*** Opening EXERCISE MATERIAL ***
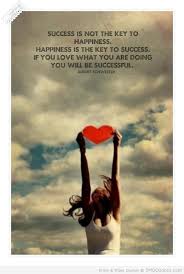 Happiness & Success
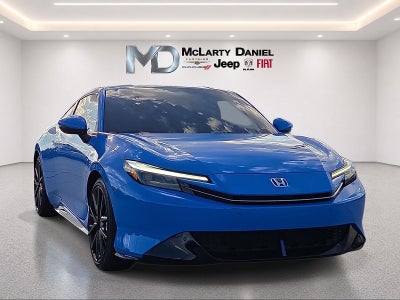 2026 Honda Prelude Hybrid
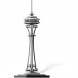 Конструктор LEGO Architecture 21003 Сиэттлский Спейс-Нидл в Нальчике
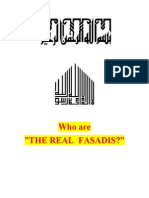 Who Are The Real FASADIS?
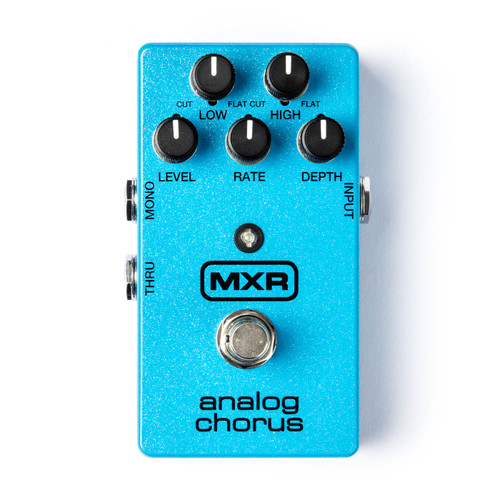MXR® UNI-VIBE® CHORUS/VIBRATO - Dunlop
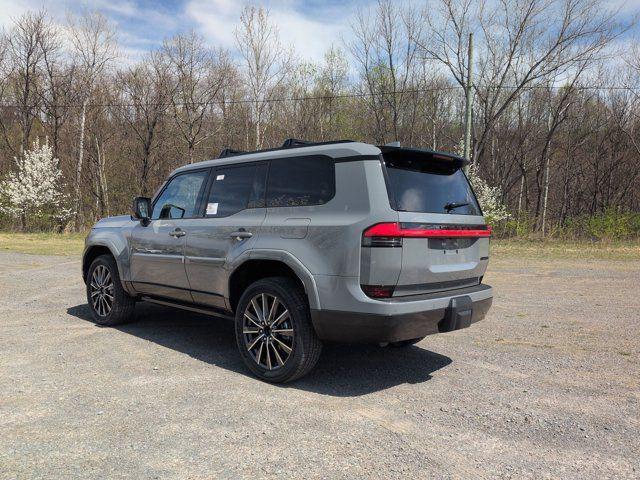new 2026 Lexus GX 550 car, priced at $89,352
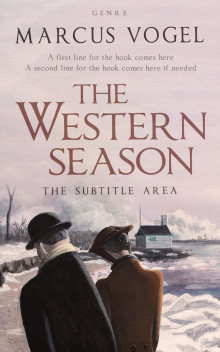 Pre Made Book Cover Cold Turkey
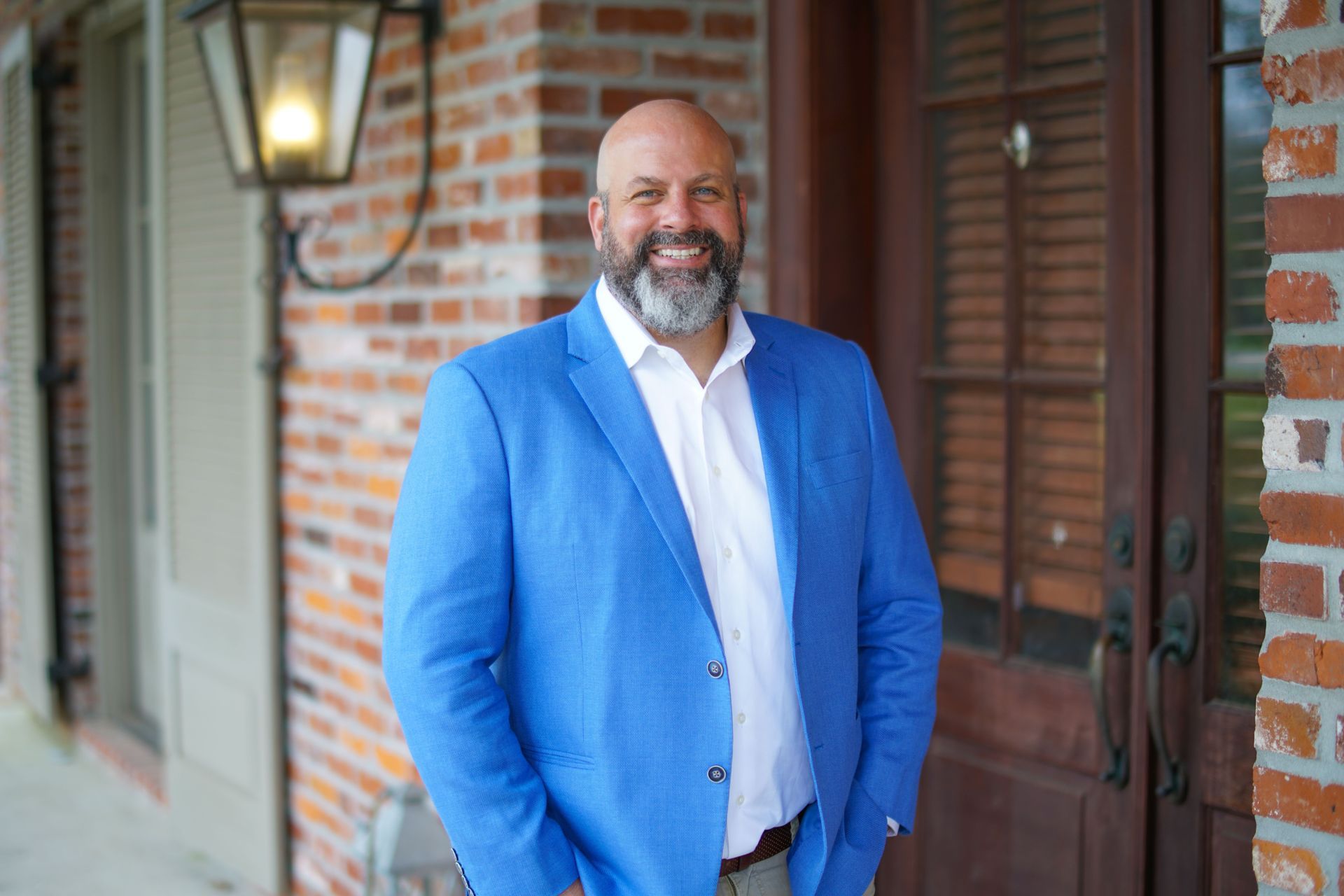 Jim Keaty, Broker
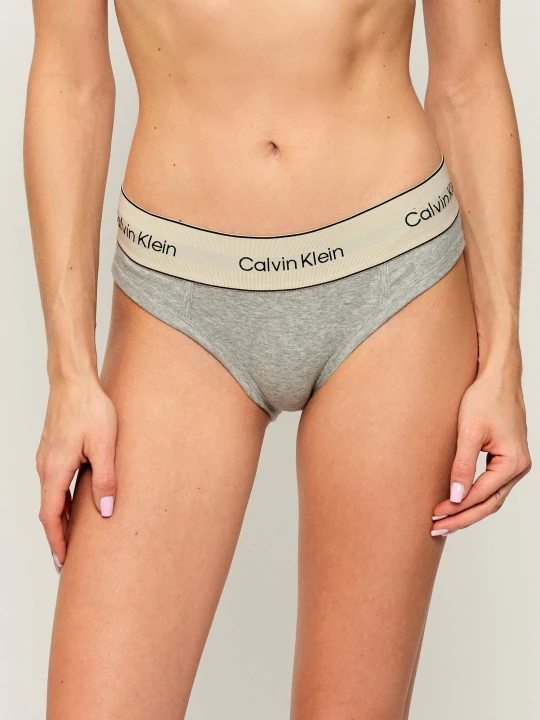 Zdjęcie produktu Calvin Klein Underwear Figi szary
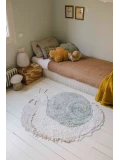 Dywan bawełniany Ślimak, Animal Rugs, Lorena Canals | Pan Piksel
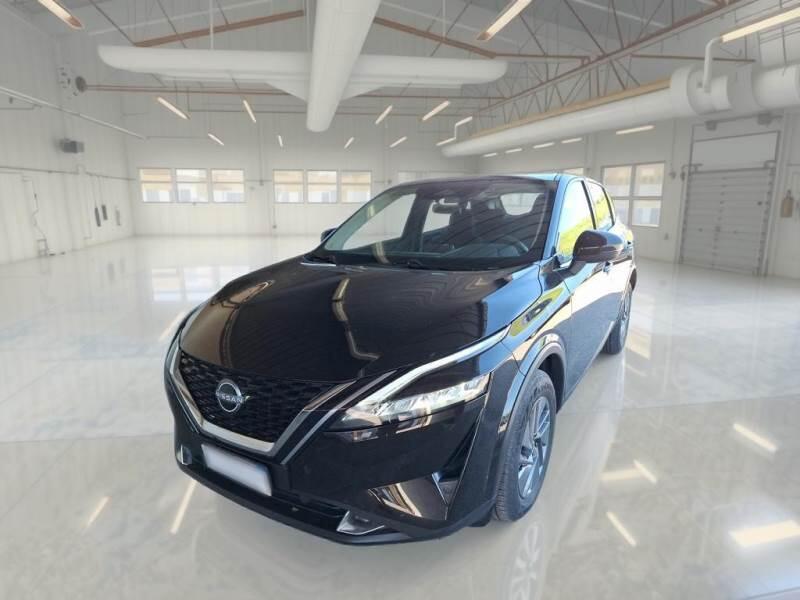 Nissan Qashqai 1.3 MHEV 140 BUSINESS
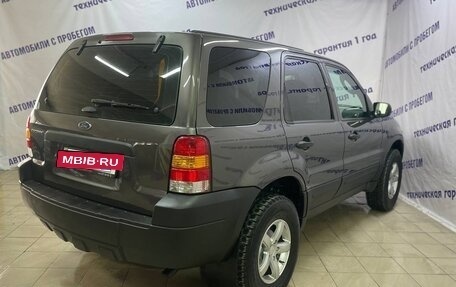 Ford Escape II, 2005 год, 515 000 рублей, 6 фотография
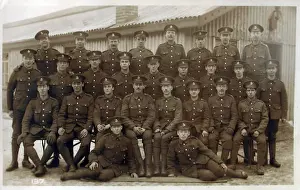 Men of the Kings Liverpool, Border Regiment and others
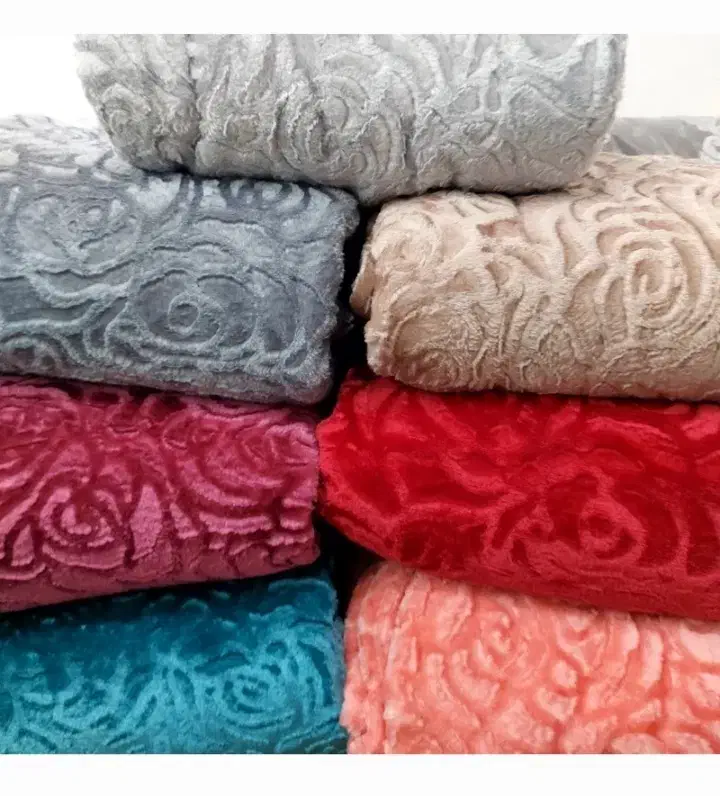 پتوی مسافرتی سمیرغ گلبافت ۵۵۰۰۰۰|رختخواب، بالش، پتو|گرگان, |دیوار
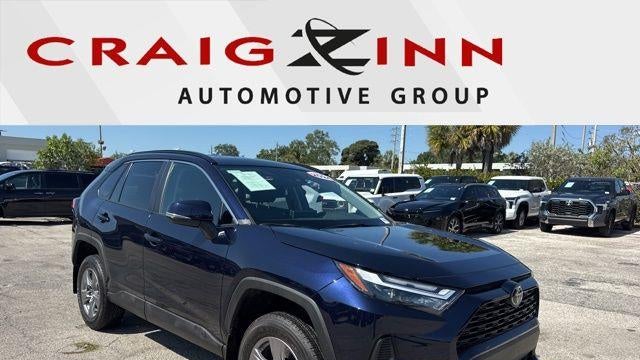 Preowned 2024 Toyota RAV4 XLE for Sale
*** Closing EXERCISE MATERIAL ***
_ABOUT THIS TASK:_
Using the data above, set down each line from the line with "new 2026 Lexus GX 550 car, priced at $89,352" to the line with "پتوی مسافرتی سمیرغ" exactly, both ends included, and leave the pictures behind. Nothing else belongs.

_ANSWER BOX:_
new 2026 Lexus GX 550 car, priced at $89,352
 Pre Made Book Cover Cold Turkey
 Jim Keaty, Broker
 Zdjęcie produktu Calvin Klein Underwear Figi szary
 Dywan bawełniany Ślimak, Animal Rugs, Lorena Canals | Pan Piksel
 Nissan Qashqai 1.3 MHEV 140 BUSINESS
 Ford Escape II, 2005 год, 515 000 рублей, 6 фотография
 Men of the Kings Liverpool, Border Regiment and others
 پتوی مسافرتی سمیرغ گلبافت ۵۵۰۰۰۰|رختخواب، بالش، پتو|گرگان, |دیوار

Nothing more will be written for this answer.